Ce que cela signifie pour vous
Si S. 5090 ou quelque chose de similaire devient un jour une loi, le changement le plus immédiat pour les utilisateurs ordinaires se produirait lors de la configuration de l'appareil. Au lieu de, ou en plus de, applications individuelles demandant votre date de naissance, le système d'exploitation de votre téléphone ou ordinateur serait lui-même responsable d'établir une tranche d'âge et de partager ce signal avec les applications et sites que vous utilisez. Pour les parents, cela pourrait signifier une application plus cohérente des restrictions de contenu basées sur l'âge dans toutes les applications sur l'appareil d'un enfant, plutôt que de dépendre du propre processus de vérification d'âge lacunaire de chaque plateforme.

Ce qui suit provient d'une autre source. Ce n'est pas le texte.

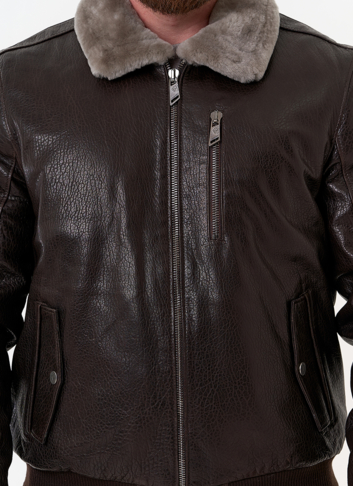 Мужская дубленка коричневого цвета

Pour les adultes, l'effet pratique pourrait être plus subtil : votre système d'exploitation saurait déjà, ou déduirait, votre tranche d'âge et partagerait automatiquement cette information avec des applications tierces. Que ce partage de données soit strictement limité à une large tranche d'âge, ou qu'il crée des voies pour un profilage plus granulaire par la suite, dépendra fortement de la manière dont le texte final du projet de loi et les éventuels règlements d'application seront rédigés. Nous n'en sommes qu'au début du processus législatif, avec seulement trois co-parrains au moment de la publication du texte du projet de loi, il y a donc amplement le temps pour que des dispositions soient ajoutées, restreintes ou négociées avant que quoi que ce soit n'arrive à un vote en séance.
Points clés à retenir
S. 5090 est un changement notable dans le débat sur la vérification de l'âge car il déplace le point d'application des applications individuelles vers le système d'exploitation lui-même, un modèle qui pourrait réduire la collecte de données redondante mais concentre également une nouvelle visibilité entre les mains de quelques grandes entreprises technologiques. Les lecteurs qui se soucient de la manière dont cela évoluera devraient garder un œil sur la progression du projet de loi en commission, surveiller les amendements qui clarifient les données que les systèmes d'exploitation peuvent conserver ou partager, et prêter attention à la manière dont les dispositions relatives à la vie privée concernant les données des enfants sont finalement appliquées. Comme pour toute législation encore à ses débuts, les détails qui émergeront lors de l'examen et des amendements compteront tout autant que l'intention initiale du projet de loi. Pour l'instant, la loi sur la garantie de l'âge numérique est à suivre, pas à considérer comme acquise.